There were very few colleges that admitted women at that point. I had been advised not to go to a graduate college, so I chose St Catherine’s, but I think that was a mistake. I had already done a degree and had been teaching for three years, and so my patience with the standard undergraduate high jinx was worn pretty thin. In my second year, I moved out to a shared house and then, when I did my DPhil, I got a junior research fellowship at Wolfson College and moved there. That suited me far better. It was much more international, there were families with children living there, there was no high table – it seemed a more adult environment. Scholars didn’t have a great deal to do with Rhodes House then, but the Rhodes money did mean that I was able to travel to Yale to do some work on George Eliot as well as travelling to visit friends. If you’re trying to do a DPhil in two years, though, you don’t travel around much! 

‘The advent of feminism certainly suited me’ 

I’d been given an extra year so that I could do my DPhil, but I was self-financing and determined to do it very quickly. I think I broke the land speed record: I finished in just over two years. I was working on women writers in the nineteenth century and I didn’t have much input in terms of supervision, but I was always fairly self-motivated so I didn’t find that a great handicap.
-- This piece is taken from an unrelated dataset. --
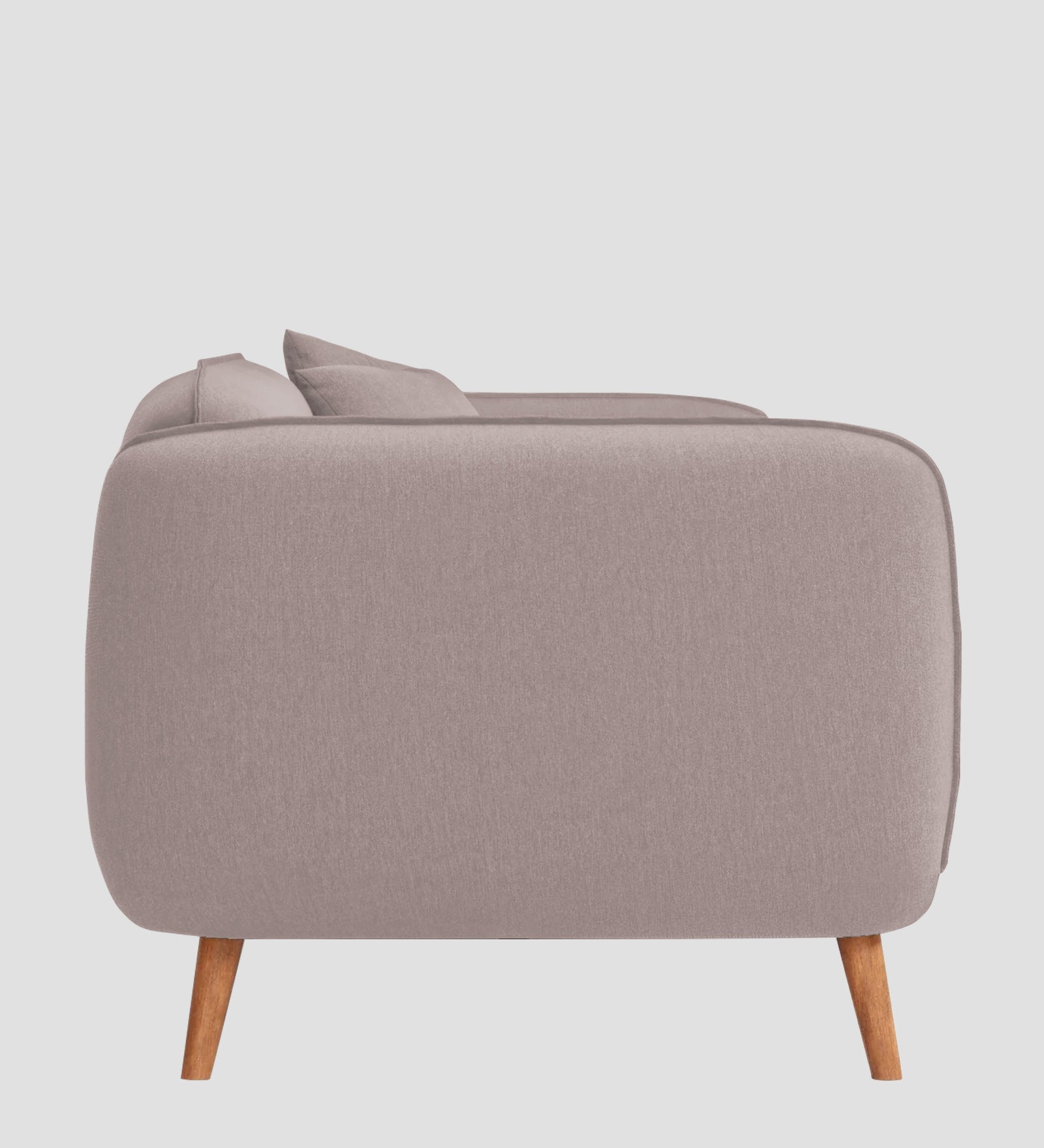 Zia Fabric 1 Seater Sofa In Almond Beige Colour - Febonic Living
I actually did my viva just 48 hours before I left Oxford to start my new job in Australia, at Monash University, and one of my examiners, Marilyn Butler, contacted me before I left and told me that she would recommend that Oxford University Press publish my thesis, which is what happened. At that time, it was at the start of the interest in women’s literature. My research had been on how female writers formed friendships and communities. It was partly historical, partly literary. And then, when I was in Australia, I got a letter from Macmillan saying that Marilyn Butler had suggested I would be well placed to write the book they wanted on the Brontës. So, I got enormous help, and with the kind of generosity that was exceptional but very characteristic of her.  
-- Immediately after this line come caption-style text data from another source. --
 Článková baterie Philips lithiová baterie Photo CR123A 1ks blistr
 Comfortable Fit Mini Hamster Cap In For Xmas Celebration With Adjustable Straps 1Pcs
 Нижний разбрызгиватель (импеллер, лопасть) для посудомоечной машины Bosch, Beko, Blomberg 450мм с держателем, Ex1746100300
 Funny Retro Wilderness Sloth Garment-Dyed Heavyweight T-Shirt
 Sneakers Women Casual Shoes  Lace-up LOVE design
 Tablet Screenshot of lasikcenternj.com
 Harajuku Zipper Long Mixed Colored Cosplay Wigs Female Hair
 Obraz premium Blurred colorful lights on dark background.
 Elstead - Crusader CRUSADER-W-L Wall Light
This is now my 42nd year at Monash. I taught in the English department for a long time, and then in about 2007 I became Associate Dean Research in the Arts faculty. After that, I had a variety of roles, including, finally, Senior Vice Provost Research. I retired from my substantive position in 2018 but I am still involved in the university.  A lot has changed in my field since I started teaching. The advent of feminism certainly suited me, and feminism is always evolving and being challenged and becoming more inclusive. In my own work, I’ve been particularly interested at looking at the non-heroic aspect of women’s lives, the social history. Alongside teaching and research, I’ve also been involved with university administration and leadership. I’m not especially imaginative, but I’ve got a very clear mind, and it’s been a real honour to be able to work to help translate the ideas that academics have into language that will be understood by the outside world. Facilitating their vision has been one of the absolute pleasures of my career.  

Middlemarch would be my desert island novel’ 

I think that literature and history can change lives. When I taught students, I didn’t want them to just come in and emote: I wanted them to understand the artistry of the text but also understand that what they were reading had the capacity to open worlds or to challenge them. My last book, for example, was on George Eliot’s ethics, and I think if reading Eliot doesn’t do something to inform your ethics or your ideology or your emotional intelligence, then you’re not reading carefully enough. Virginia Woolf said Middlemarch was the first novel for adults in the English language and I think it is the most humane and profound and intelligent and remarkable book. I have say that Middlemarch would be my desert island novel.